[Stored data]
• • • • •

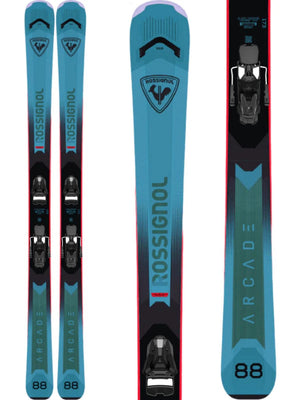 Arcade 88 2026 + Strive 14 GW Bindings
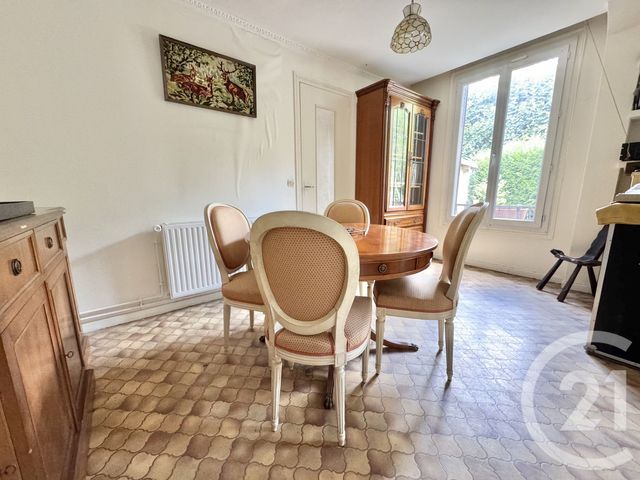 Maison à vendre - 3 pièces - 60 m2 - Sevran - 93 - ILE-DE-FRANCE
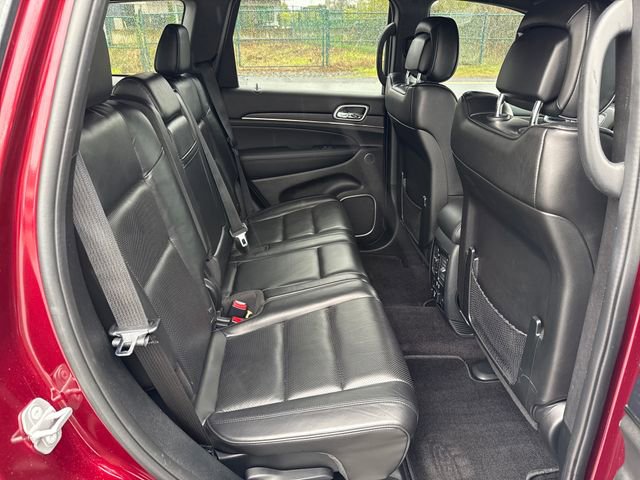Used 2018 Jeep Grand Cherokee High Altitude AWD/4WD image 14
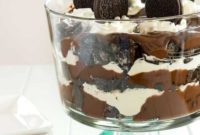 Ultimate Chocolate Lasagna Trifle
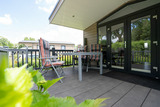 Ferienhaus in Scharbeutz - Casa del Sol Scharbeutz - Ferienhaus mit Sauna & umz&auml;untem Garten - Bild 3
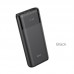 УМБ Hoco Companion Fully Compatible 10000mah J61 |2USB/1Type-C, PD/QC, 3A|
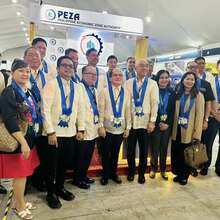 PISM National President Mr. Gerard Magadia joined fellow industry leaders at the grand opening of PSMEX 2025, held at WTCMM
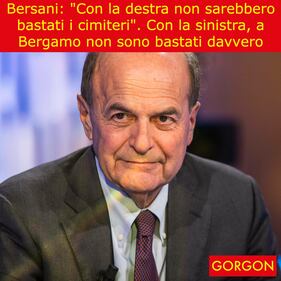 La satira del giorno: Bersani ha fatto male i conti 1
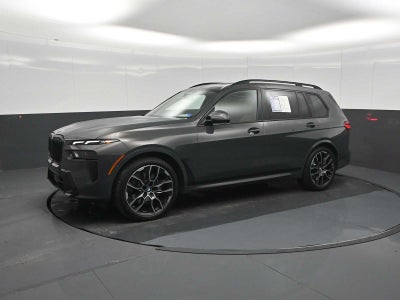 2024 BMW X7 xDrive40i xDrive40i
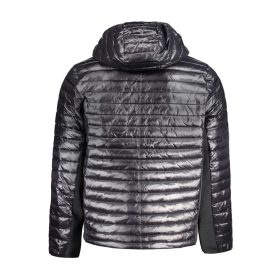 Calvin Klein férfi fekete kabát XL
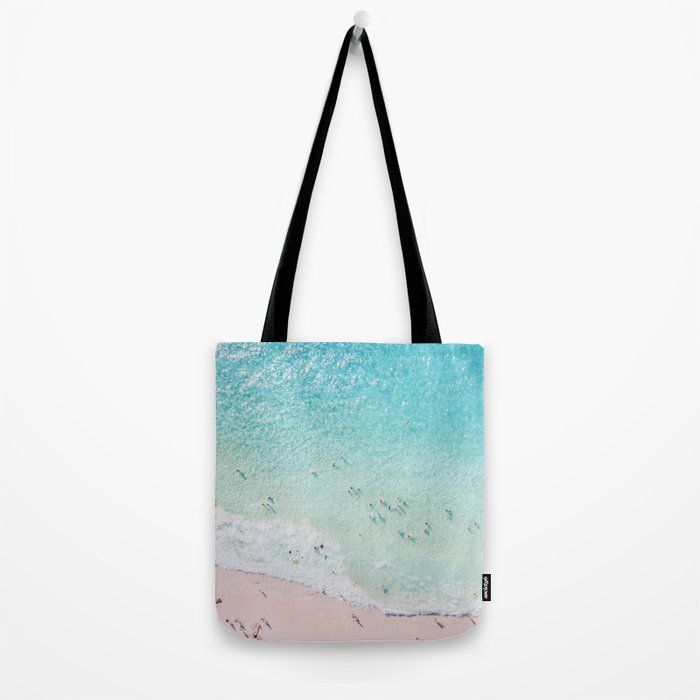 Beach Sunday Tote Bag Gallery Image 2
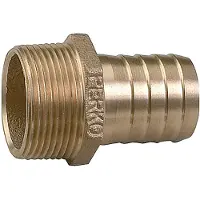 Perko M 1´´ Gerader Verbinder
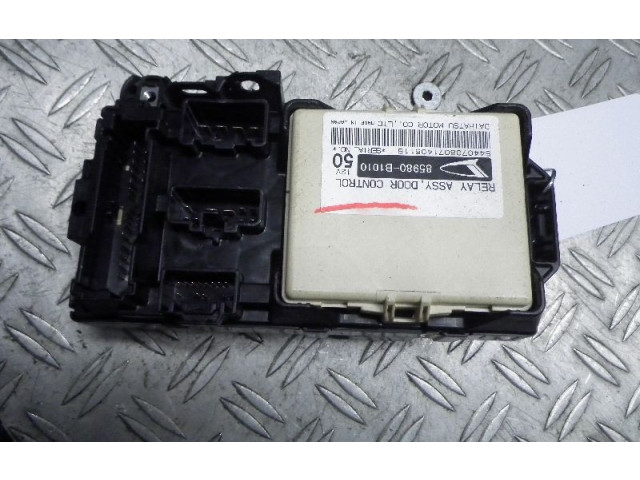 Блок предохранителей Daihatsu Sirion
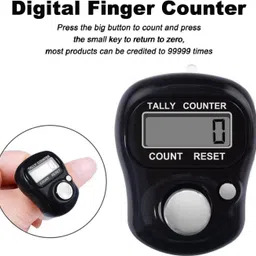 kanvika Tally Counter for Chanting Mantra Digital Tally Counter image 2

• • • • •

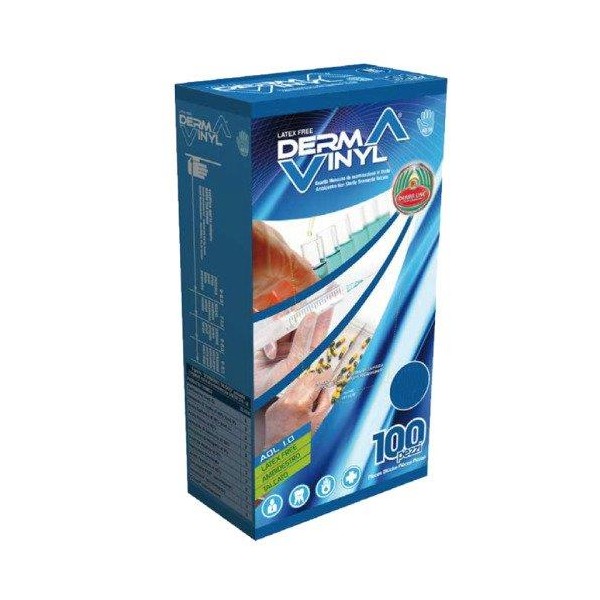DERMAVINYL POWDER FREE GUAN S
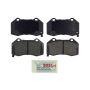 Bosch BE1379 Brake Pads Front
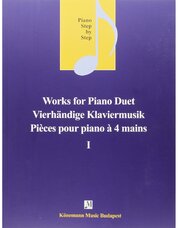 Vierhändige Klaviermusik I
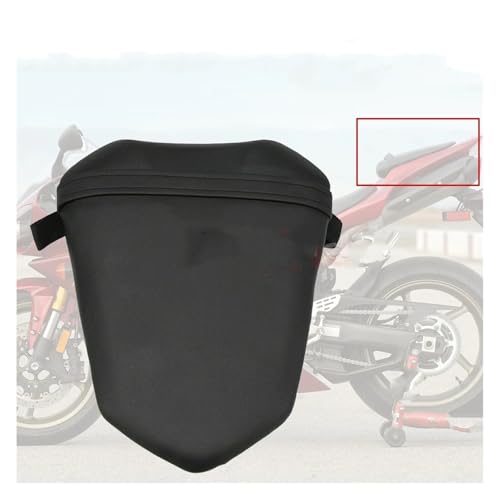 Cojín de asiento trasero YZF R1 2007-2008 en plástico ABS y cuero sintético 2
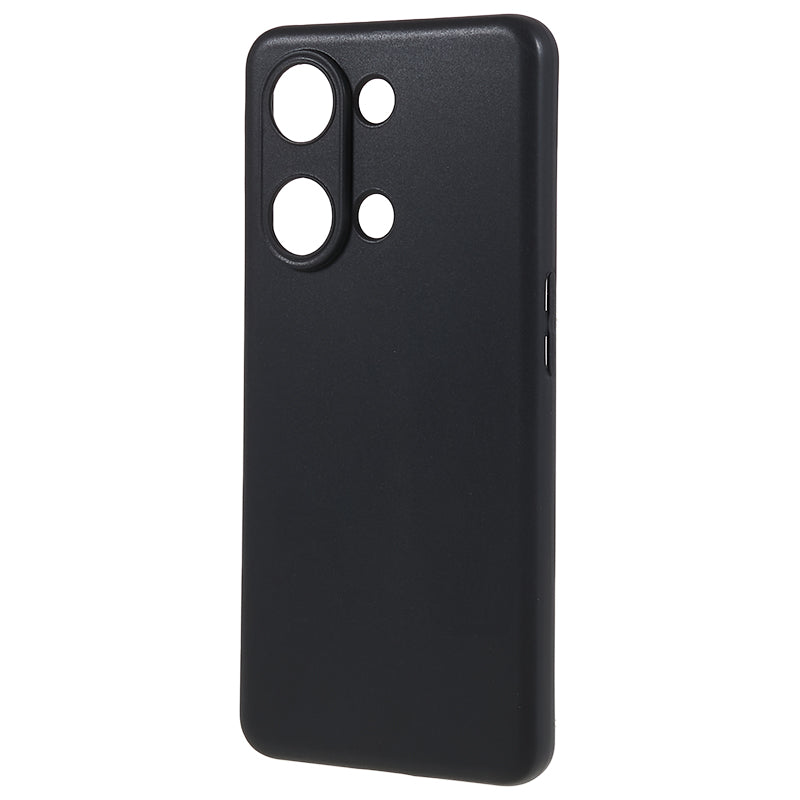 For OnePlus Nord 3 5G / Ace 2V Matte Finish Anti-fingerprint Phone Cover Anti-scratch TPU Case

• • • • •

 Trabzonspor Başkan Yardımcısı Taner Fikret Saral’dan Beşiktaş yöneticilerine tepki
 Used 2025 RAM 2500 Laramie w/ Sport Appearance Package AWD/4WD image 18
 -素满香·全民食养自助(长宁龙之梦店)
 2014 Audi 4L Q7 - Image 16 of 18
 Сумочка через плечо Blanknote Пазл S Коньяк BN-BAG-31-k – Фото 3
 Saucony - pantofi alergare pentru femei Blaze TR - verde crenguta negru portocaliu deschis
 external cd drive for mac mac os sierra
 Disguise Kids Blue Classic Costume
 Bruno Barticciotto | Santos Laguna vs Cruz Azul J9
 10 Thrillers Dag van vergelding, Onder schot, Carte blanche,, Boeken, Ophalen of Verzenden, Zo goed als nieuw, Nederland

• • • • •

Requirement:
Copy out the range of lines above starting at the line with "Bruno Barticciotto |" and ending at the line with "10 Thrillers Dag", exactly and including both.

Finished exercise:
 Bruno Barticciotto | Santos Laguna vs Cruz Azul J9
 10 Thrillers Dag van vergelding, Onder schot, Carte blanche,, Boeken, Ophalen of Verzenden, Zo goed als nieuw, Nederland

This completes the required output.